Task objective>
Output the listing below verbatim, but drop the images.
─── Exercise input ───
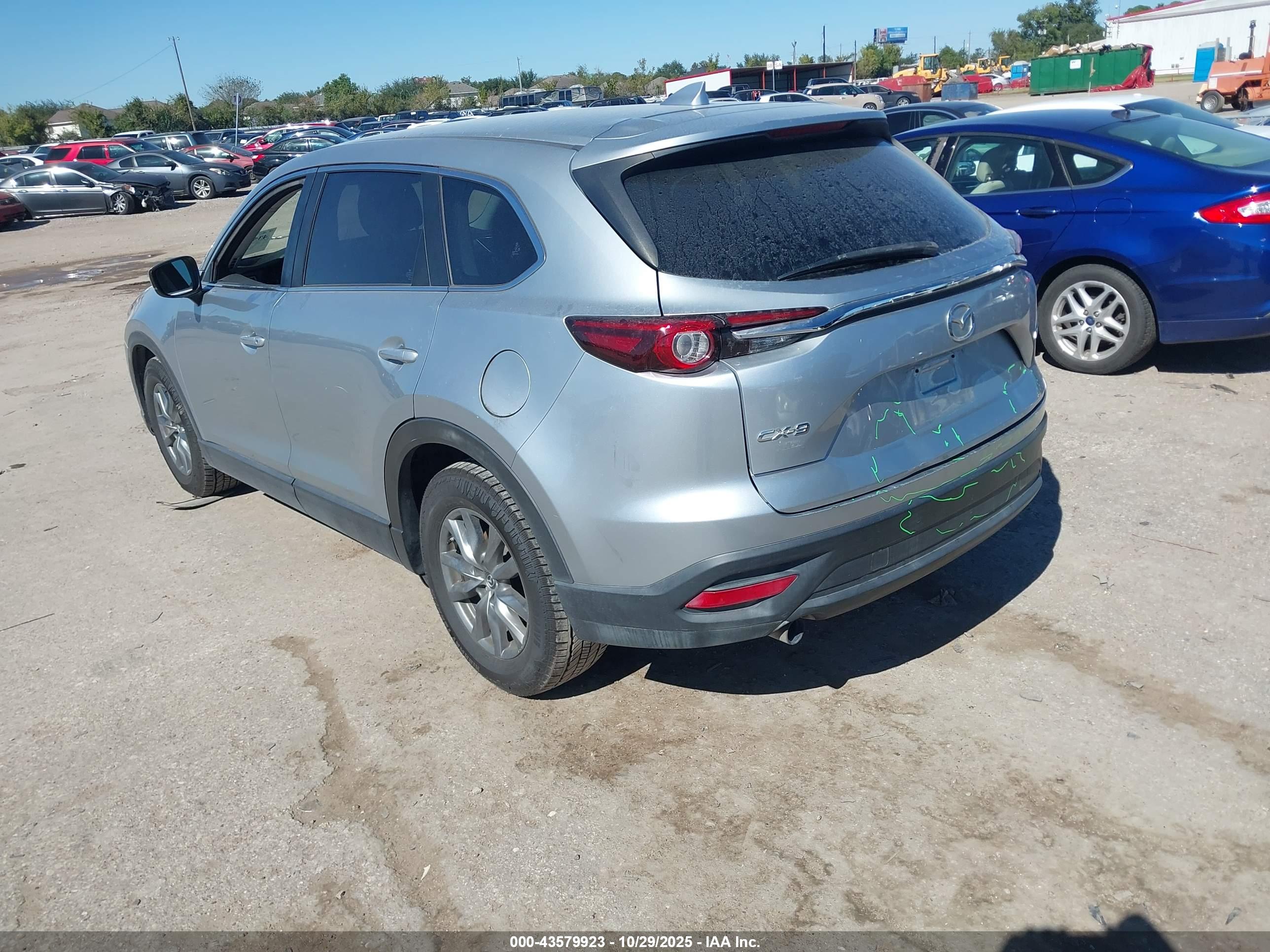 MAZDA CX-9 image 3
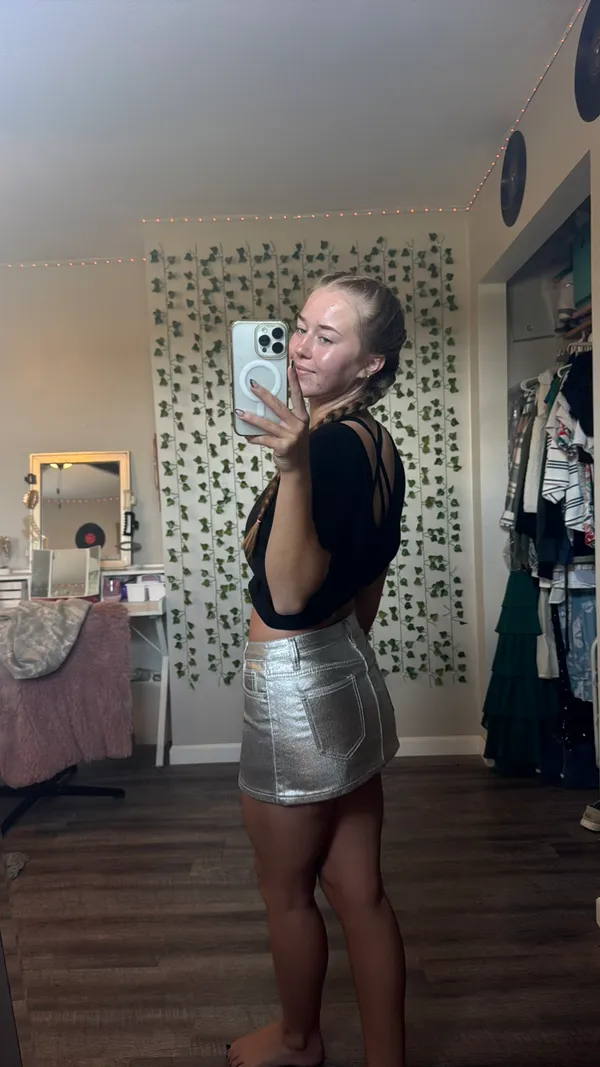 Pretty Little Thing Mini Skirt - Image 5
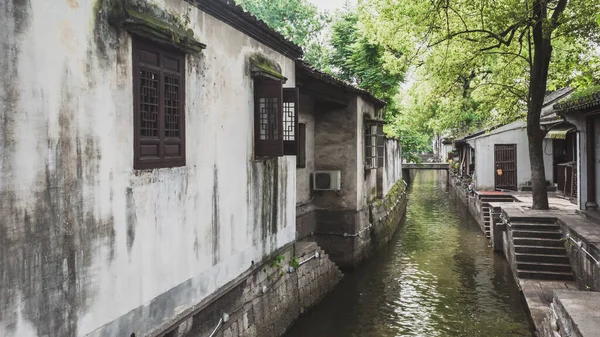 Tradycyjne Chińskie Domy Nad Kanałem Centrum Shaoxing Chiny — Zdjęcie stockowe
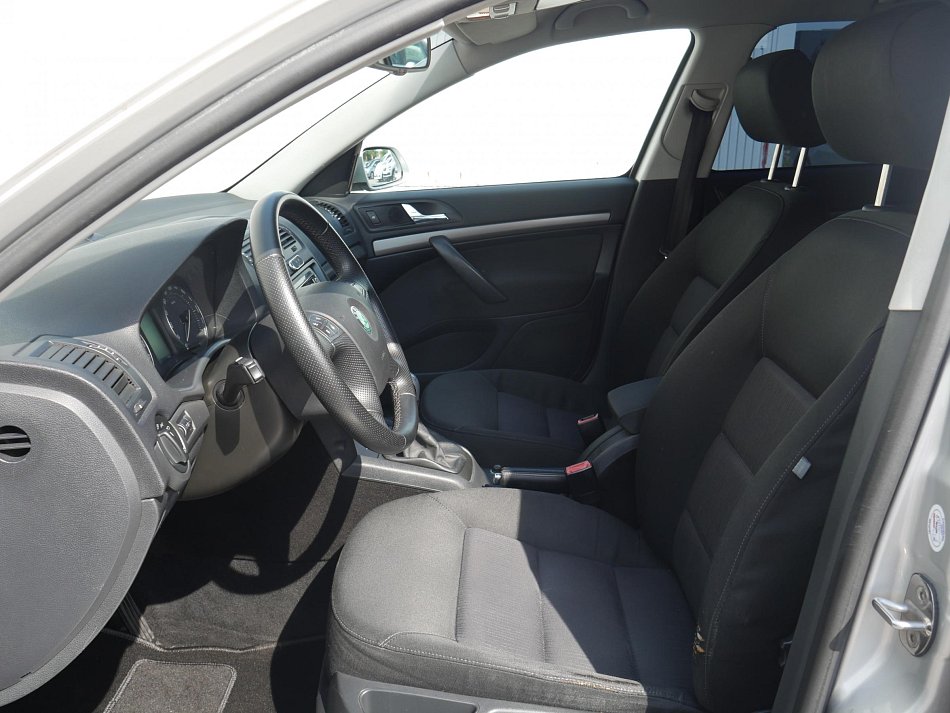 Škoda Octavia II 2.0 TDi Elegance 4x4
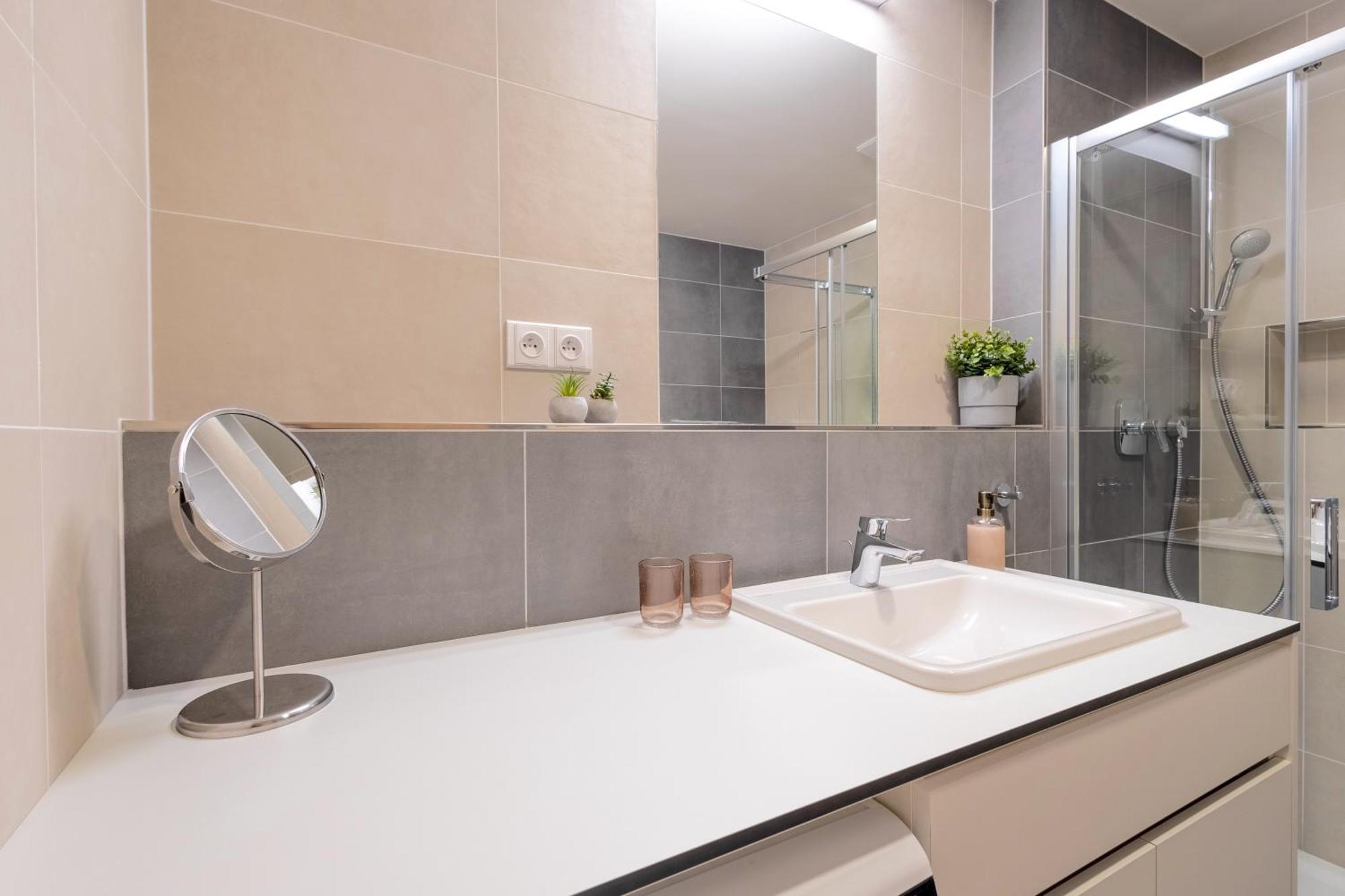 Апартаменты Bright 2Br - 8Th Floor, Balcony, Free Parking - By Gravity Прага Экстерьер фото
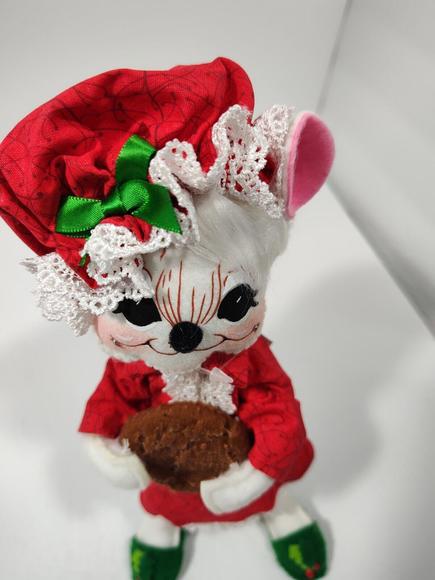 Annalee Holiday 8" Christmas Whimsy Mouse in Night Gown with Cookie New - Picture 3 of 10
───
Answer area>
 MAZDA CX-9 image 3
 Pretty Little Thing Mini Skirt - Image 5
 Tradycyjne Chińskie Domy Nad Kanałem Centrum Shaoxing Chiny — Zdjęcie stockowe
 Škoda Octavia II 2.0 TDi Elegance 4x4
 Апартаменты Bright 2Br - 8Th Floor, Balcony, Free Parking - By Gravity Прага Экстерьер фото
 Annalee Holiday 8" Christmas Whimsy Mouse in Night Gown with Cookie New - Picture 3 of 10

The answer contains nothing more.